Using the 'dep' visualizer
Serving on http://0.0.0.0:5000 ...

Shutting down server on port 5000.


### Tree and subtree navigation
spaCy provides attributes like .children, .lefts, .rights, and .subtree to make navigating the parse tree easier.

In [1]:
>>> import spacy
>>> nlp = spacy.load("en_core_web_sm")
>>> one_line_about_text = (
...     "Gus Proto is a Python developer"
...     " currently working for a London-based Fintech company"
... )
>>> one_line_about_doc = nlp(one_line_about_text)

>>> # Extract children of `developer`
>>> print([token.text for token in one_line_about_doc[5].children])


['a', 'Python', 'working']


### Shallow Parsing/Chunking

Noun Phrase Detection

In [2]:
>>> import spacy
>>> nlp = spacy.load("en_core_web_sm")

>>> conference_text = (
...     "There is a developer conference happening on 21 July 2019 in London."
... )
>>> conference_doc = nlp(conference_text)

>>> # Extract Noun Phrases
>>> for chunk in conference_doc.noun_chunks:
...     print (chunk)

a developer conference
21 July
London


### Name-Entity Recognition
locating named entities in unstructured text and then classifying them into predefined categories, such as person names, organizations, locations, etc

You can use NER to learn more about the meaning of your text.

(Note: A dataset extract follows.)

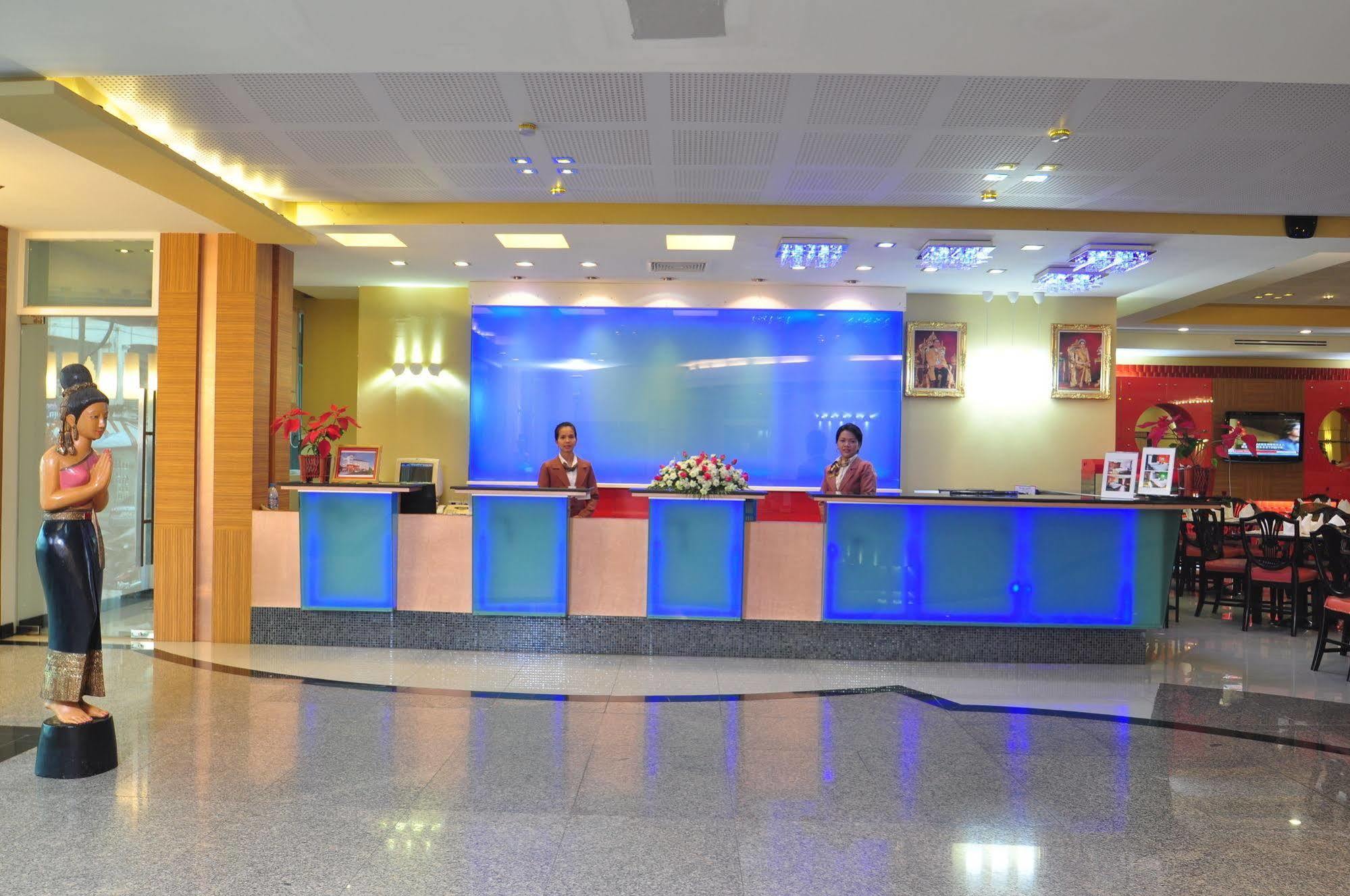 Bp Grand Suite Hotel Hat Yai Exterior photo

spaCy has the property .ents on Doc objects. You can use it to extract named entities

In [10]:
>>> import spacy
from spacy import displacy
>>> nlp = spacy.load("en_core_web_sm")

>>> piano_class_text = (
...     "Great Piano Academy is situated"
...     " in Mayfair or the City of London and has"
...     " world-class piano instructors."
... )
>>> piano_class_doc = nlp(piano_class_text)

>>> for ent in piano_class_doc.ents:
...     print(
...         f"""
... {ent.text = }
... {ent.start_char = }
... {ent.end_char = }
... {ent.label_ = }
... spacy.explain('{ent.label_}') = {spacy.explain(ent.label_)}"""
... )


ent.text = 'Great Piano Academy'
ent.start_char = 0
ent.end_char = 19
ent.label_ = 'ORG'
spacy.explain('ORG') = Companies, agencies, institutions, etc.

ent.text = 'Mayfair'
ent.start_char = 35
ent.end_char = 42
ent.label_ = 'GPE'
spacy.explain('GPE') = Countries, cities, states

ent.text = 'the City of London'
ent.start_char = 46
ent.end_char = 64
ent.label_ = 'GPE'
spacy.explain('GPE') = Countries, cities, states


In [11]:
displacy.serve(piano_class_doc, style="ent")




Using the 'ent' visualizer
Serving on http://0.0.0.0:5000 ...

Shutting down server on port 5000.


### Using NER to Redact names

In [4]:
>>> import spacy
>>> nlp = spacy.load("en_core_web_sm")
>>> survey_text = (
...     "Out of 5 people surveyed, James Robert,"
...     " Julie Fuller and Benjamin Brooks like"
...     " apples. Kelly Cox and Matthew Evans"
...     " like oranges."
... )


>>> def replace_person_names(token):
...     if token.ent_iob != 0 and token.ent_type_ == "PERSON":
...         return "[REDACTED] "
...     return token.text_with_ws
...

>>> def redact_names(nlp_doc):
...     with nlp_doc.retokenize() as retokenizer:
...         for ent in nlp_doc.ents:
...             retokenizer.merge(ent)
...     tokens = map(replace_person_names, nlp_doc)
...     return "".join(tokens)
...

>>> survey_doc = nlp(survey_text)
>>> print(redact_names(survey_doc))

Out of 5 people surveyed, [REDACTED] , [REDACTED] and [REDACTED] like apples. [REDACTED] and [REDACTED] like oranges.